---------- DATA TO EXAMINE
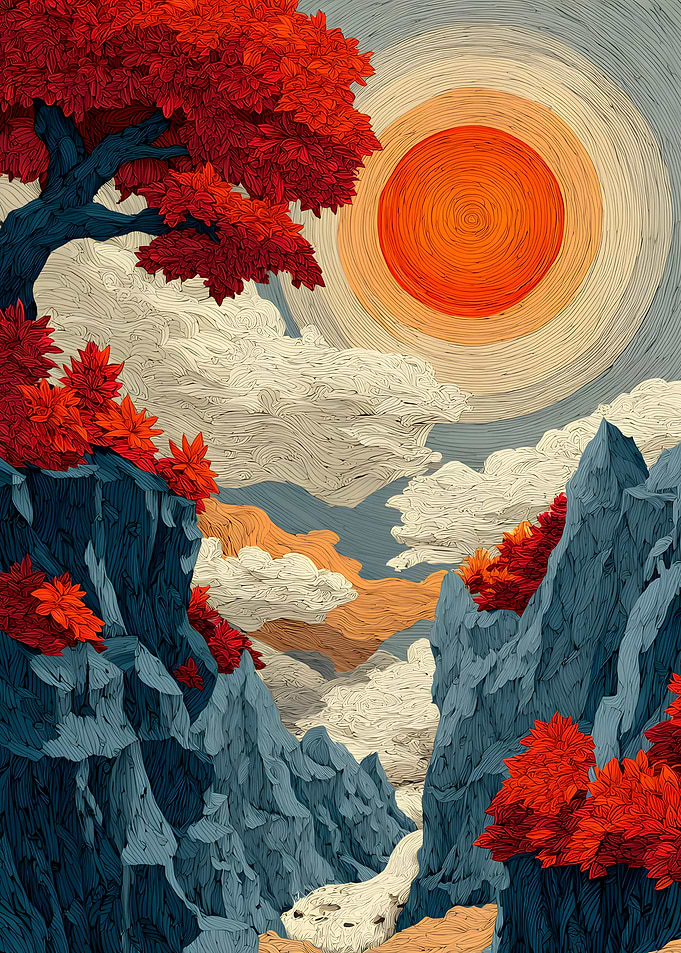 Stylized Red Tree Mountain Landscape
--------------------
---------- DATA TO EXAMINE
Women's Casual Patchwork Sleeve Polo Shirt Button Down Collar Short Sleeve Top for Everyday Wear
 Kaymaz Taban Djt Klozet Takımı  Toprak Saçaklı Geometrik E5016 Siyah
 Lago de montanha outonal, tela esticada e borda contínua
--------------------
---------- DATA TO EXAMINE
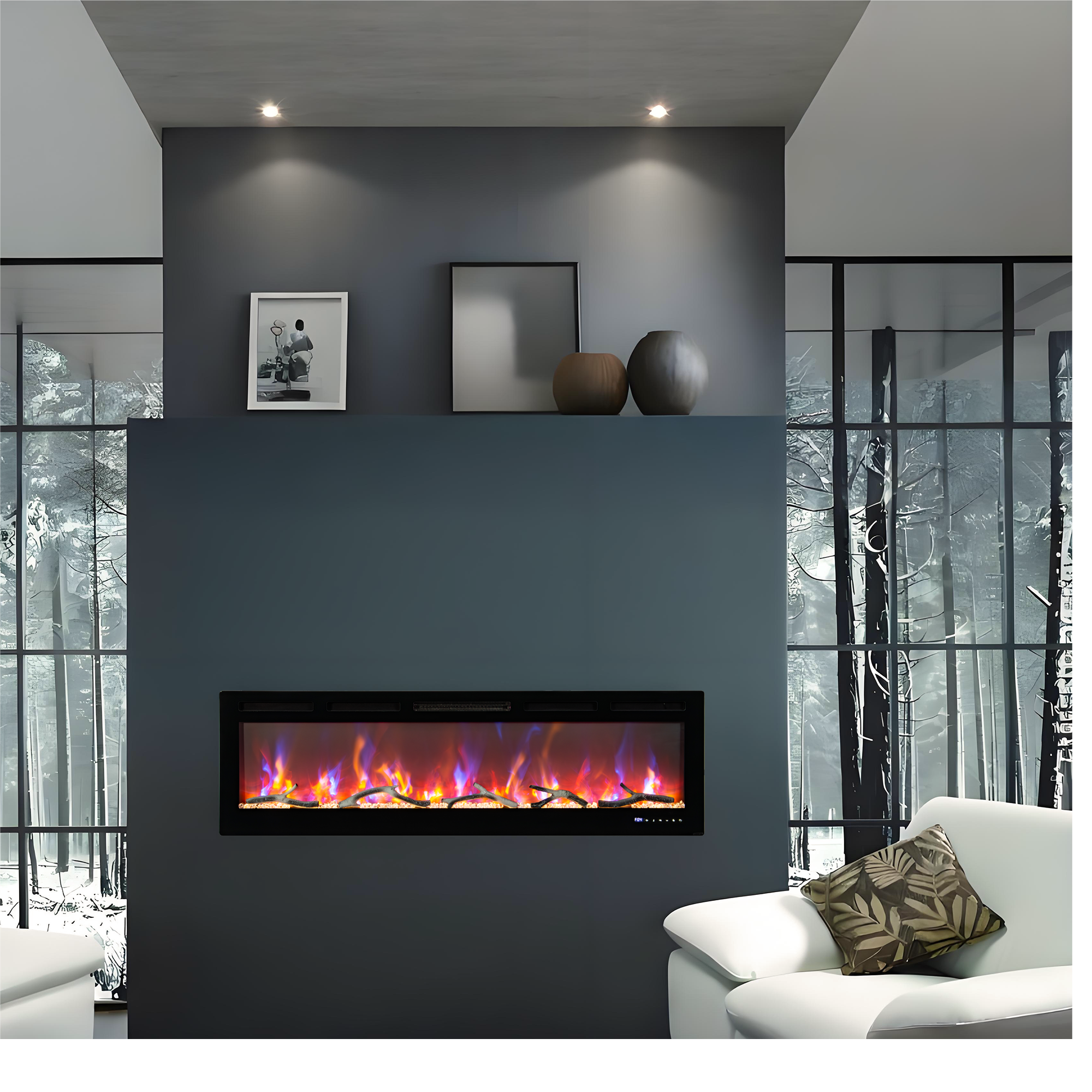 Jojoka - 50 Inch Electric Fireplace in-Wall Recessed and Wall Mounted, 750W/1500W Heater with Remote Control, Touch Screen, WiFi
--------------------
■ WHAT IS EXPECTED
Everything from the line containing "Women's Casual Patchwork" through the line containing "Lago de montanha" in the material above should be retyped exactly, both ends included, and nothing more.

■ SOLUTION TO THIS TASK
Women's Casual Patchwork Sleeve Polo Shirt Button Down Collar Short Sleeve Top for Everyday Wear
 Kaymaz Taban Djt Klozet Takımı  Toprak Saçaklı Geometrik E5016 Siyah
 Lago de montanha outonal, tela esticada e borda contínua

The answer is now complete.